_ABOUT THIS EXERCISE:_
The expected output is an exact copy of each line from the line with "this 1343×896 image." through the end of the data below, with no pictures in it.

--- --- ---

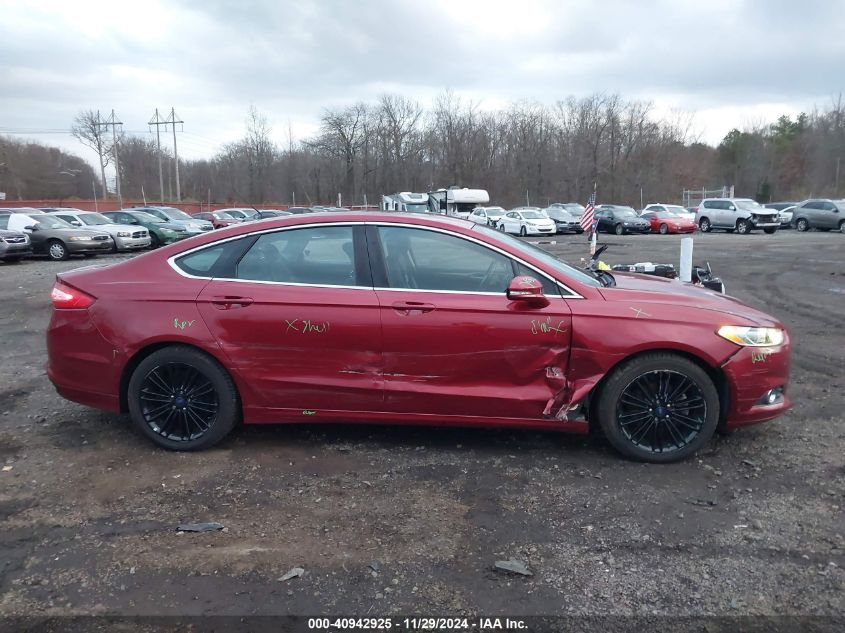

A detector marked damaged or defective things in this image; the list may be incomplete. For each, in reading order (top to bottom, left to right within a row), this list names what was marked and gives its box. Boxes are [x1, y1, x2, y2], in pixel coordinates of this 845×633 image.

damaged vehicle [44, 211, 784, 460]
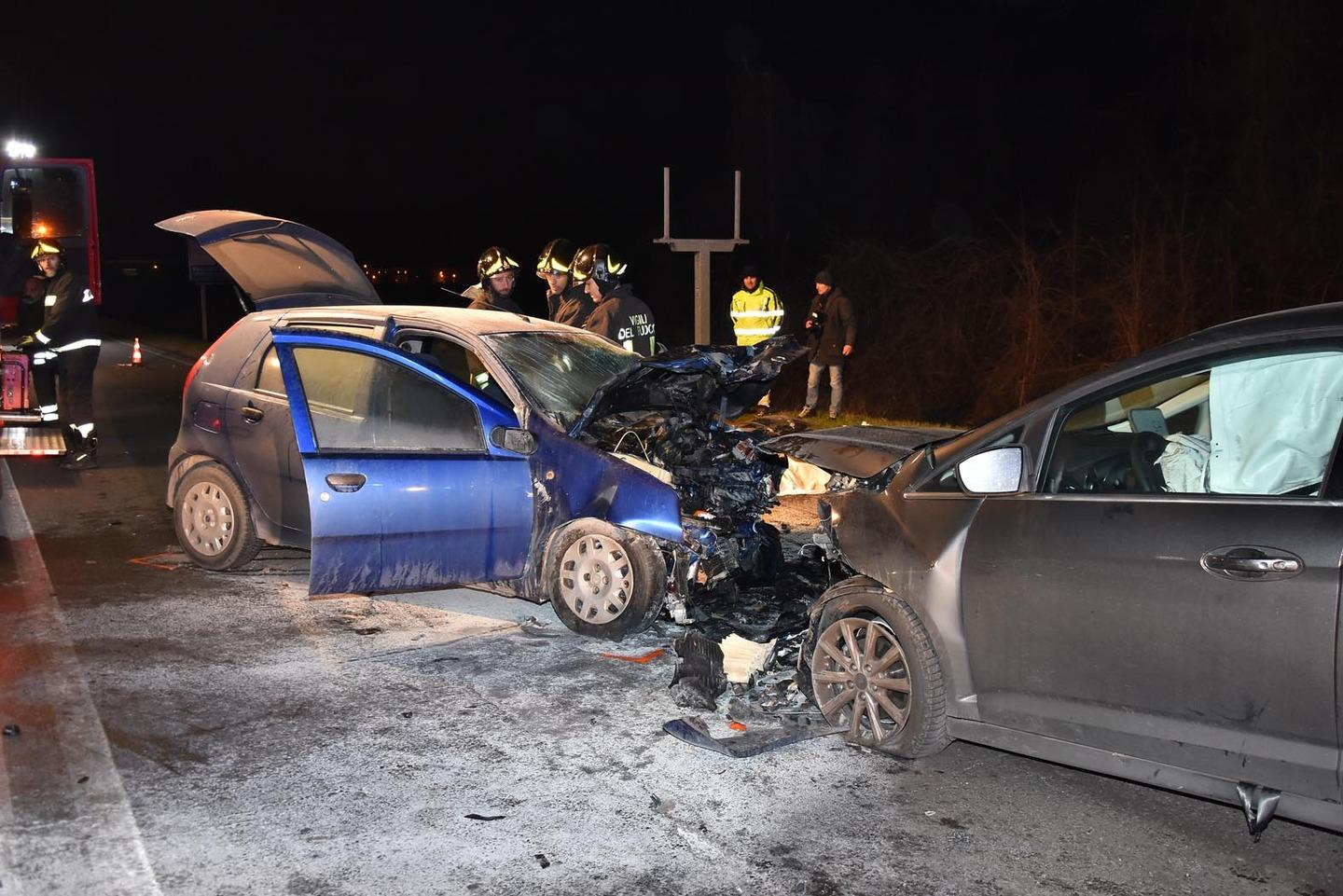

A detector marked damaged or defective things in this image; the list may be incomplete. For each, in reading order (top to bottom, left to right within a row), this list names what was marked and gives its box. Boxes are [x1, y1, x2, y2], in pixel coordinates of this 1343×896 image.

blue crashed car [161, 213, 802, 641]
crumpled hood [567, 336, 810, 436]
gray crashed car [772, 304, 1343, 835]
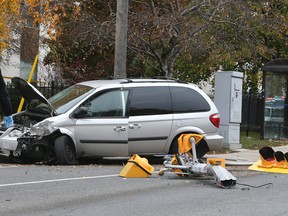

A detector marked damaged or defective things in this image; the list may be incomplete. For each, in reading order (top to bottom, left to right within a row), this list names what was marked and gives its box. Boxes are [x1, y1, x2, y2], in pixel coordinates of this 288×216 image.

crumpled hood [11, 77, 55, 115]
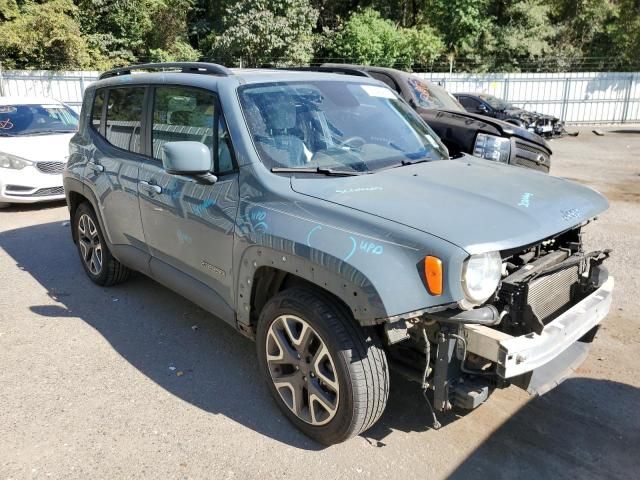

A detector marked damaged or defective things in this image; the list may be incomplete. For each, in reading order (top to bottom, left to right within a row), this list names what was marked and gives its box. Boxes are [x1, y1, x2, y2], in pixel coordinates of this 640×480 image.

broken headlight assembly [0, 153, 33, 172]
broken headlight assembly [472, 134, 512, 164]
damaged jeep renegade [65, 62, 616, 444]
broken headlight assembly [462, 251, 502, 308]
crumpled front bumper [462, 274, 612, 386]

--- --- ---

_EXERCISE SOLUTION:_
A detector marked damaged or defective things in this image; the list may be incomplete. For each, in reading order (top to bottom, left to right within a row), this list names what was marked and gives its box. Boxes are [x1, y1, x2, y2], in pixel coordinates of this 1343×896 image.

blue crashed car [161, 213, 802, 641]
crumpled hood [567, 336, 810, 436]
gray crashed car [772, 304, 1343, 835]

A detector marked damaged or defective things in this image; the list may be incomplete. For each, in reading order (top to bottom, left to right within a row), this list names what was marked and gives its box. Boxes are [x1, y1, x2, y2], in pixel coordinates of this 288×216 image.

crumpled hood [11, 77, 55, 115]

A detector marked damaged or defective things in this image; the list may be incomplete. For each, in reading order (top to bottom, left to right within a row), this list names what was marked and gives its box. Boxes are [x1, y1, x2, y2], in pixel coordinates of this 640×480 image.

broken headlight assembly [0, 153, 33, 172]
broken headlight assembly [472, 134, 512, 164]
damaged jeep renegade [65, 62, 616, 444]
broken headlight assembly [462, 251, 502, 308]
crumpled front bumper [462, 274, 612, 386]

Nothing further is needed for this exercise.